L’épopée animale se devait de faire une place à un sujet si présent dans le quotidien de l’homme médiéval, et le Roman de Renart n’y manque pas. L’âne y est présent, se nomme Bernard, avec rang d’archiprêtre. Un tel statut lui assure aussi bien une fonction de confesseur qu’une place dans les offices et les pèlerinages. C’est ainsi que, se rendant à Rome avec Renart et Belin, il écrase quatre loups en tombant lourdement d’un arbre; mais il s’est blessé et renonce (comme ses compagnons) à aller plus loin. C’est toutefois dans les dernières branches (xxx et xxxi) que Bernard donne pleine mesure de ses talents. Quoique »mout preudons et de pes« (xxx, 2062), il se montre digne émule de Turpin, le prélat guerrier du Roland, quand il vole à la rescousse de Brun (xxx, 2579). Les nombreux méfaits commis par Renart lui valent de recueillir la confession du goupil qui l’a mandé (xxxi, 364). Il le presse de se repentir (xxx, 373) puis, sur ordre royal, chante »vigiles de morz« pour Renart que l’on croit trépassé (xxx, 557); à l’office, c’est »mout dolent« qu’il lit la neuvième leçon (xxxi, 641-2). Après qu’il a fait sonner les cloches (xxxi, 792), il se revêt des ornements liturgiques, se dispose à célébrer l’office funèbre (xxxi, 844 s.) et prononce un sermon qui vire au panégyrique absolu de celui qu’il chapitrait à l’heure de sa confession. Il trouve maintenant des raisons bien peu chrétiennes pour glorifier ses faits les plus luxurieux et se livre à un éloge débridé de la sexualité (xxx, 859-916). Puis il chante la messe après que Ferrant, le cheval de charge, a confirmé l’orthodoxie de ce sermon: »Renart, n’en soit mise en doutance, / En a faite sa penitance./ L’ame en ira a reculons / En paradis o les mulons [mulets], / Illuec ou les asnes iront / Quant de ce siecle partiront.« (xxx, 999-1004)

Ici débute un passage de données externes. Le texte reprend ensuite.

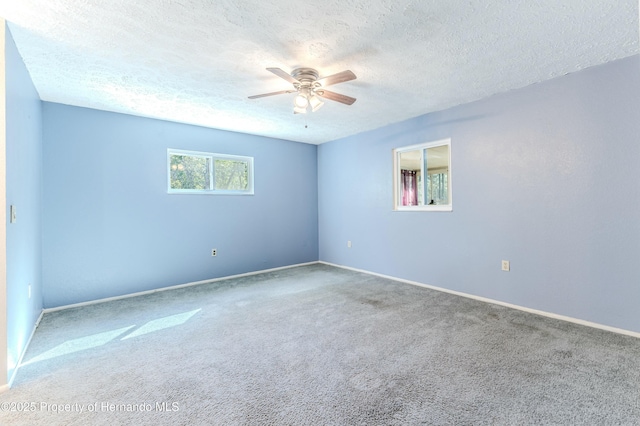 spare room with baseboards, carpet flooring, a textured ceiling, and a ceiling fan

La branche présentera encore deux autres mentions, plus anodines, du singulier archiprêtre. Au total, malgré l’éclat de cette prouesse oratoire, la présence de l’âne dans la grande épopée animale paraît assez épisodique, même si le Roman de Renart a souligné à sa manière trois traits assez constants de l’âne médiéval: sa puissance vocale, son ardente sexualité et son association avec le christianisme.

Lit.: Le Roman de Renart, éd. M. ROQUES, 1948-63.